Cowboy 1: Bruce, Chain smoker, brown teeth, balding, has a big handlebar mustache, wears a trucker hat. I have never seen him eat food. Only drinks coffee.
He is grim as fuck. He has a cd with 100 farting, spewing, and pooing noises on it and he likes to play it as we eat lunch. That is when he laughs. Always ready with a snide remark or a put-down.
He is evil and must be watched.
Cow Boy 2: Jim. Former stripper and playgirl model. Got a model girlfriend pregnant and quit his life of partying for one of being a good hard hard-working dad. He got a job at the company and had never done anything like it before.
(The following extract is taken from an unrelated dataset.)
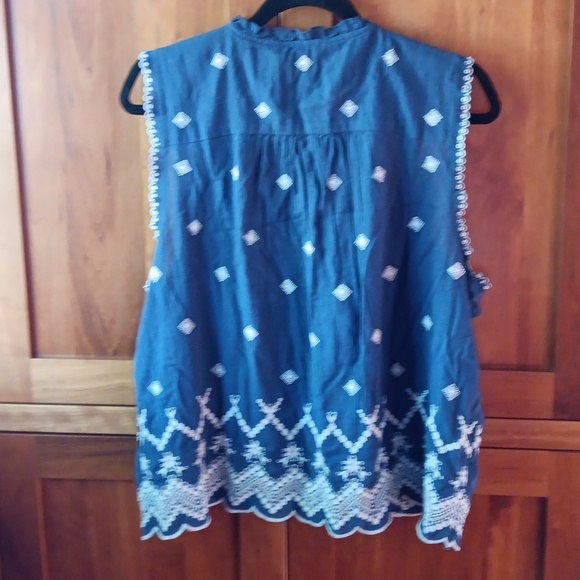 Sundance, cotton, embroidered, sleeveless blouse with beautiful eyelet, - Picture 7 of 8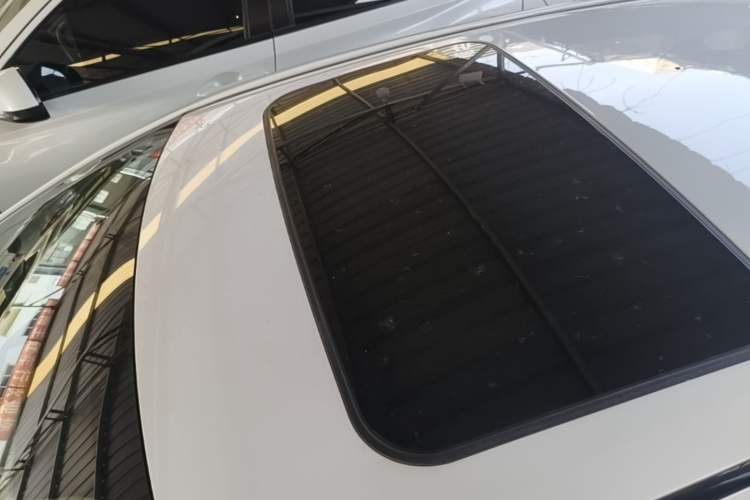 Used Toyota Levin 2022 185T CVT Luxury Edition Roof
He makes his way by whacking things with his hammer, asking Bruce how to do things, and keeping busy by cleaning up the site and going and getting coffee.
He has heaps of nice tools that I always borrow as I have the hand-me-downs of the hand-me-downs.
A ripped pouch sewn up with dental floss, an old cracked wooden handled hammer fixed with glue and tape, the rustiest and most grease-coated pair of snips ever, a cutter with half an inch of blade left, and a tape measure with a broken spring (and of course, it’s in inches, which I had never encountered).
Jim’s car is always broken so Bruce picks him up in the work truck.
I’m working with them but they are not too friendly. Jim is nice enough but he goes sour quickly due to Bruce’s EVIL and corrupting influence.
Anyway, I managed to copper-clad the dormer by using a synthesis of what I knew, the phone calls I made, and the duplication of the completed one over the other side of the building.
I had to sneak over and have a look on the pretense of seeing if Jeff needed a hand chipping inch-thick ice off the roof.
So yeah I was mostly hanging off the side of a 70-degree roof, which was coated in thick ice, with howling freezing wind ripping around me as I struggled to put this stuff called ice/water (it was like a tar paper stuff) and copper panels on the bloody dormer. I was roped on for my own personal safety. It was not suggested by anyone.
The company has a policy “Safety ropes are optional but if you slip then you were fired as you were going off the roof, at the precise moment you passed the gutter edge.
It was a terrifying mind and nerve-wracking day that taxed me to the end and prompted me to write this story as a tribute to how a Cowboy who arrives via an email can flourish in such harsh conditions. Carving out a little igloo of a home for himself among the rough and ready wild men of Ontario.
I sleep on a bench in a work shed all alone in Canada.
I work outside in the super-freezing weather all day long.
I eat lunch from a weird food truck and chili for dinner at a place called Tim Hortons.
I am the Cowboy Coppersmith and this is my story.